Registered by Garth Wells

Functions restricted to subdomains currently have the syntax:
subdomain = dx(0)
V_restricted = V[subdomain]
which produces a RestrictedElement. Here the subdomain is described by a Measure object, which is technically sufficient for simple restrictions, but conceptually not so nice.

We will improve this in relation with a subdomain-language, and in concert with improved subdomain support in ffc/dolfin.

Blueprint information

Status:
Complete
Approver:
Priority:
Essential
Drafter:
Direction:
Approved
Assignee:
Definition:
Obsolete
Series goal:
None
Implementation:
Slow progress
Milestone target:
None
Started by
Martin Sandve Alnæs
Completed by
Martin Sandve Alnæs

Whiteboard

Current design iteration, will be used as basis for unit tests later:

###### Subdomain language:
# Create toplevel domain:
cell = triangle
D = Domain(cell, name='mydomain')

# Domain has some basic properties like dimensions:
assert D.name() == 'mydomain'
assert D.cell() == cell
assert D.geometric_dimension() == 2
assert D.topological_dimension() == 2

# Create numbered disjoint subdomains:
D1 = D[1]
D3 = D[3]
D2 = D[2]

# These subdomains are registered in D so they can be retrieved later:
assert D.disjoint_subdomains() == [D1, D2, D3]

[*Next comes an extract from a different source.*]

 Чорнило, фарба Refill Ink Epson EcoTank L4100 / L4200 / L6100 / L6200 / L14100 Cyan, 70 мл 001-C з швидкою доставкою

# Create named possibly non-disjoint subdomain groups:
Dleft = DomainGroup((D1, D2), name='left')
Dright = DomainGroup((D2, D3), name='right')

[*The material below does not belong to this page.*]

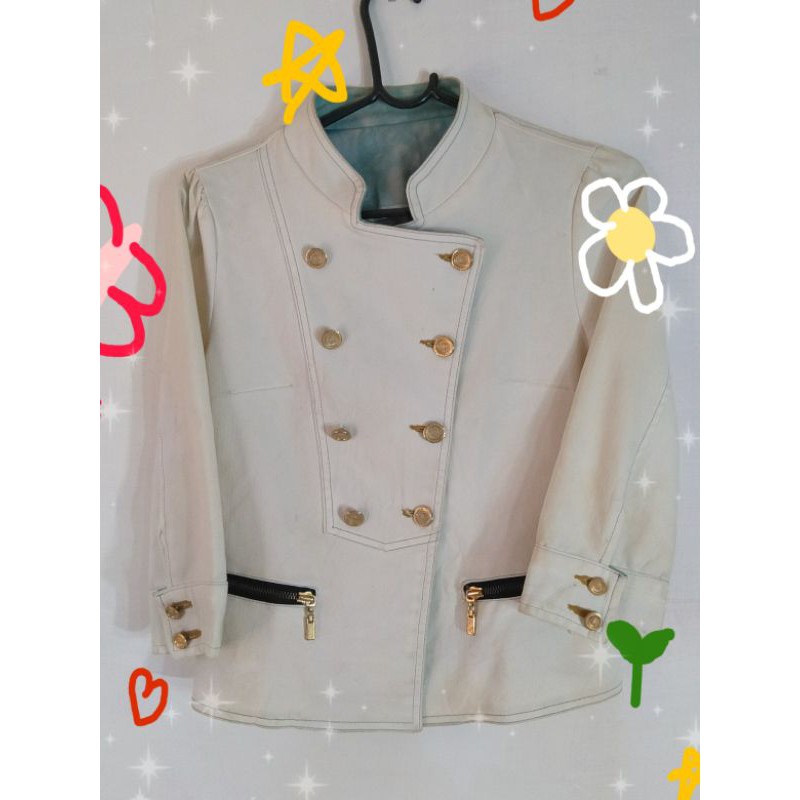 thrift preloved blazer jaket luaran putih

# Named subdomains are also registered in D:
assert Dleft == D['left']
assert Dright == D['right']
assert Dleft != D['right']

# The overlap between domain groups can be specified easily:
Doverlap = DomainOverlap(Dleft, Dright, name='overlap')
assert D['overlap'] == DomainGroup((D2,), name='overlap') # A bit unsure here

###### Defining elements on subdomains:
# Elements can be defined on domain groups:
VL = VectorElement(Dleft, "CG", 1)
VR = FiniteElement(Dright, "CG", 2)
assert VL.domain() == Dleft
assert VR.domain() == Dright
assert VL.domain().disjoint_subdomains() == [D1, D2]
assert VR.domain().disjoint_subdomains() == [D2, D3]

# Elements can be combined into mixed elements:
V = VL*VR
assert V.domain() == D # This is unclear
assert V.domain().disjoint_subdomains() == [D1, D2, D3]

# The mixed element can be queried for which elements live on which disjoint subdomains:
dom2elm = V.domain2subelement()
assert dom2elm == {
D1: (VL,),
D2: (VL,VR),
D3: (VR,),
}

# I think we'll need to mirror these in ufc::dof_map:
#void ufc::dof_map::domain2subelements(std::map< std::size_t, std::vector<size_t> > & d2s) const;
# Result matching above ufl code:
#d2s[1] == vector({0,}) # VL is subelement 0
#d2s[2] == vector({0,1}) # both VL and VR
#d2s[3] == vector({1,}) # VR is subelement 1

(?)

Work Items

Work items:
[meg-simula] Extract integrals over subdomains from subdomain groups: TODO

Dependency tree

* Blueprints in grey have been implemented.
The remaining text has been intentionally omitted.